Pepe: Como é essa história de Museu Virtual do Clube da Esquina?

Márcio: A história do museu veio para ser uma pedra a mais nessa construção, no sentido de colocarmos à disponibilidade da população brasileira, das novas gerações e das pessoas que se interessam pela nossa história, alguns subsídios para pensarem naquilo, alguns dados imateriais, como a nossa história de vida, a nossa música, a nossa ideologia, aquilo que nos levou a compor. Estamos todos vivos, então estamos a fim de dar um depoimento vivo dessa história. E daí surgiu a idéia de se fazer o museu, que é assim, numa acepção menos retrógrada possível da palavra, pois é um museu voltado para o futuro, para a atualidade. Não será um museu voltado para o passado, para juntar quinquilharias, mas para transmitir e perpetuar este amor, esta amizade e esta vontade de “fazer coisas boas”. A partir do dia 02 de dezembro de 2005 entrou no ar o site www.museuclubedaesquina.org.br. Nós estamos fazendo este museu com o patrocínio da Copasa e principalmente, com o patrocínio da Petrobrás, que consideraram este movimento como um movimento de utilidade pública que visa preservar a nossa cultura e nossa história.  

Pepe: Nos fale um pouco de seu livro “Os sonhos não envelhecem”.

Márcio: Eu diria que o livro foi um embrião para esse movimento do museu.
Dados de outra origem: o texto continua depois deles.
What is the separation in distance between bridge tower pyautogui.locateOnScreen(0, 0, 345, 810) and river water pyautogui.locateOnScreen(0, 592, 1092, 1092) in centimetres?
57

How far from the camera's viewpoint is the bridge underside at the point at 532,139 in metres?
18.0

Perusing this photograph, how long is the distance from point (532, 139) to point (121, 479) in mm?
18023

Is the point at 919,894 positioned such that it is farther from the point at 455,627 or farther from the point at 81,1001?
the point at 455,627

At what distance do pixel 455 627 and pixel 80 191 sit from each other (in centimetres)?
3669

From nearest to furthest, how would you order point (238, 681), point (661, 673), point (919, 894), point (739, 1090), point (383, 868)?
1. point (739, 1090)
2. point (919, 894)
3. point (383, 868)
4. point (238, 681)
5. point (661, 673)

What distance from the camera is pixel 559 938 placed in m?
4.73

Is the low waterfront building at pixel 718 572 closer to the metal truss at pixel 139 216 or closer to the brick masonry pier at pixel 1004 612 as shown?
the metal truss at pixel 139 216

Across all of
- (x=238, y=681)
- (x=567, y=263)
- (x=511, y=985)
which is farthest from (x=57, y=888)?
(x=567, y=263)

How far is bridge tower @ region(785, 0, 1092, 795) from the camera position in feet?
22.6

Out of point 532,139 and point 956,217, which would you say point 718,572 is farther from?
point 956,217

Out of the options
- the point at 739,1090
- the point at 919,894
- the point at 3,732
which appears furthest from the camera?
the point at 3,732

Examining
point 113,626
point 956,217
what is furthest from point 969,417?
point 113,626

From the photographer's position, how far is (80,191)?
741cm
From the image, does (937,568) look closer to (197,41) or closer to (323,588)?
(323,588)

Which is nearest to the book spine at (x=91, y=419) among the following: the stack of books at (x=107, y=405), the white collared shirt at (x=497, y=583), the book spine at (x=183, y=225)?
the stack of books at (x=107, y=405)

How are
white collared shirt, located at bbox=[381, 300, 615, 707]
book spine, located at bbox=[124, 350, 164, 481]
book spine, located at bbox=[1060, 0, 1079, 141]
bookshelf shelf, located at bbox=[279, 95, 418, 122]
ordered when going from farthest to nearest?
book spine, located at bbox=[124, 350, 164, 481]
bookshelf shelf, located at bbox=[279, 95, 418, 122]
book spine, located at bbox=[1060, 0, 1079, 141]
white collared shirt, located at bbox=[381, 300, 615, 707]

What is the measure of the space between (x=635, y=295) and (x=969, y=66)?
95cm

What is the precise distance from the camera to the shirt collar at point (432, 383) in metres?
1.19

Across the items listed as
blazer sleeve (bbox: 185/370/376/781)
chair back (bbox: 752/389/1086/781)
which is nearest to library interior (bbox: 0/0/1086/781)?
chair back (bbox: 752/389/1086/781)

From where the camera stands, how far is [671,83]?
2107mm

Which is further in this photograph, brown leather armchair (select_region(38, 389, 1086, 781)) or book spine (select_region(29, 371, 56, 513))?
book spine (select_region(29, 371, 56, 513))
A partir do livro, comecei a fazer muitas palestras e conferências em escolas. Viajei o Brasil inteiro visitando escolas e universidades, falei para milhares de alunos e jovens, contando essa nossa história. Narrei um pouco do livro, contando como era o clima naquela época e isso teve uma grande aceitação por parte dos jovens que me ouviram ao longo desses anos todos, porque lancei o livro em 1996 e não tenho feito outra coisa senão viajar o Brasil e o exterior divulgando o livro e nossas intenções. Um trabalho, aliás, que vem se somar a um trabalho magnânimo, feito pelo Milton Nascimento, que nunca se esqueceu de suas origens no Clube da Esquina e se tornou o principal divulgador dessa grande geração que transitou aqui, pelas ruas de Belo Horizonte. E aqui, nós conseguimos construir esta obra, que se mostrou duradoura, vencendo estes anos todos que vieram por aí.
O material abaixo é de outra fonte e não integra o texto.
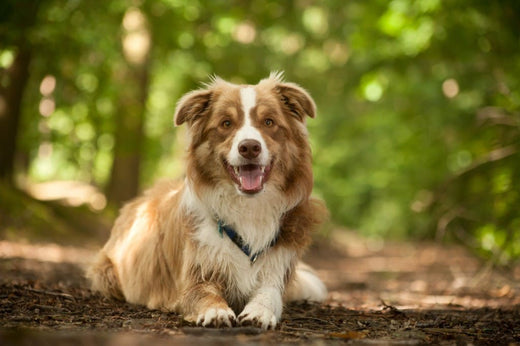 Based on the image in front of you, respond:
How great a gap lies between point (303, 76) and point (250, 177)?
12.0 m

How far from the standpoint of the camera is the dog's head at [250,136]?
5000 millimetres

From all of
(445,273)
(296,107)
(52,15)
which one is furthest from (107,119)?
(296,107)

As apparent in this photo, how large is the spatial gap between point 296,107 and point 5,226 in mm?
6764

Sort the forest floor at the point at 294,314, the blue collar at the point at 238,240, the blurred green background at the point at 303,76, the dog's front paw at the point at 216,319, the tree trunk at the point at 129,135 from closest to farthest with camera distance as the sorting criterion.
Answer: the forest floor at the point at 294,314, the dog's front paw at the point at 216,319, the blue collar at the point at 238,240, the blurred green background at the point at 303,76, the tree trunk at the point at 129,135

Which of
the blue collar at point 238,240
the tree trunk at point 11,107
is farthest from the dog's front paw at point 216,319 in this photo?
the tree trunk at point 11,107

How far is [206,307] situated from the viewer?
459 cm

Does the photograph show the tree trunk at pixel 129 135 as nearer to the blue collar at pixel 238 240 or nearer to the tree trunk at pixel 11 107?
the tree trunk at pixel 11 107

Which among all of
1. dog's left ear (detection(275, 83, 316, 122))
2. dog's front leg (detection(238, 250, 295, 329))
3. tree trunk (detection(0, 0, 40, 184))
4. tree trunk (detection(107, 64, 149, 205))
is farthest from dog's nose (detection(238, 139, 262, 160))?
tree trunk (detection(107, 64, 149, 205))

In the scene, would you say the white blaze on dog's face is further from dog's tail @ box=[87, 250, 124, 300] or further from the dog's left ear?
dog's tail @ box=[87, 250, 124, 300]

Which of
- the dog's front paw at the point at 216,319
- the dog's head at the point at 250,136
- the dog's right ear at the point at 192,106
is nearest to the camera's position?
the dog's front paw at the point at 216,319

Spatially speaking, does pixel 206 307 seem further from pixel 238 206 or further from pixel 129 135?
pixel 129 135

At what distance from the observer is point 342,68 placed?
1723 centimetres

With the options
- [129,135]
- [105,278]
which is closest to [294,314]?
[105,278]

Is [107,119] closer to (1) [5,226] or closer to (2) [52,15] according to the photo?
(1) [5,226] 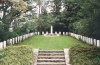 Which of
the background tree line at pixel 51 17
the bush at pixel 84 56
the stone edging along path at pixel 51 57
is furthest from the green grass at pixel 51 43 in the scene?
the bush at pixel 84 56

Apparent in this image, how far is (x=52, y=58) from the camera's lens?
2036 cm

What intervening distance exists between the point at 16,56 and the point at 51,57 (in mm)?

 'Hoje é muito difícil de acontecer isso no mercado fonográfico:

uma música se impor por sua qualidade!

Hoje ela se impõe por sua massificação,

pela quantidade de dinheiro que

foi aplicada na divulgação dela'

Pepe: O senhor é parceiro de expressivos músicos mineiros. Tem alguma nova parceria pra vir à tona que possa nos adiantar?
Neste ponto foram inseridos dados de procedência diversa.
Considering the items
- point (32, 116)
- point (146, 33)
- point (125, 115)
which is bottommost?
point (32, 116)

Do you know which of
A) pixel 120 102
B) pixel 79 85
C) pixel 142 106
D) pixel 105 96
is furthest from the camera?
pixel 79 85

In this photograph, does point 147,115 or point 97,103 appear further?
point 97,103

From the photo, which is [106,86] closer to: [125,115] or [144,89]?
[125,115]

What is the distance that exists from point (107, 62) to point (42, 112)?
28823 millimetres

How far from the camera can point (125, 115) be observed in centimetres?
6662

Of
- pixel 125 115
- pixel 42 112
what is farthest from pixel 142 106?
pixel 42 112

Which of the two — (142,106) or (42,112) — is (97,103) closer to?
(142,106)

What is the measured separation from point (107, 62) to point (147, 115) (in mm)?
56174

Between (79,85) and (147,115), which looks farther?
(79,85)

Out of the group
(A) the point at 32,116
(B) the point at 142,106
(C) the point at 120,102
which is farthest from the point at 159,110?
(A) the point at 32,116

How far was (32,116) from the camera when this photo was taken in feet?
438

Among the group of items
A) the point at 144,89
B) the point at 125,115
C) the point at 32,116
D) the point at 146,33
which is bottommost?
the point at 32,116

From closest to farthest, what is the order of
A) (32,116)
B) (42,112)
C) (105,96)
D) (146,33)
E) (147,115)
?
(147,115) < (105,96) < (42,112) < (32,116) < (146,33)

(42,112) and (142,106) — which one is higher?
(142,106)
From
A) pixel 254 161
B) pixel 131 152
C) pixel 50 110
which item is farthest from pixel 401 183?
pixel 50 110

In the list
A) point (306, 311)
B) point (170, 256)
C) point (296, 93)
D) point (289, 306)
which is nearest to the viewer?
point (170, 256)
Márcio: Ontem mesmo acabei de fazer uma canção nova com o Lô (Borges), que se chama “O Silencio e o Som”, que é mais ou menos no naipe de “Quem sabe isso, quer dizer amor”. Continuamos na ativa, continuamos compondo. Há aquela teia de amizade tecida entre os parceiros: é o Bituca com Telo; é o Telo comigo; sou eu com o Lô; o Lô com o Beto (Guedes); o Beto com Murilo Antunes... Ou seja, nós temos uma teia de amizade e composição que nunca parou, continua ativa. O que aconteceu foi que a mídia passou a funcionar sob determinadas diretrizes, que a gente combatia a vida inteira. Que é aquela instituição um pouco vergonhosa do “jabá”, do cara pagar para ser executado em rádio e tevê. Nós nunca pagamos para sermos executados. Hoje vimos aqui, milhares de pessoas cantando nossas músicas e nem um tostão foi gasto para que elas fossem divulgadas. Elas se impuseram por si mesmas. Hoje é muito difícil de acontecer isso no mercado fonográfico: uma música se impor por sua qualidade! Hoje ela se impõe por sua massificação, pela quantidade de dinheiro que foi aplicada na divulgação dela. E acho que isso reduz um pouco, a grandeza do mercado fonográfico. Porque hoje a grandeza da música brasileira, a qualidade, está fora do mercado fonográfico, são as produções independentes, que provam isso que estou dizendo.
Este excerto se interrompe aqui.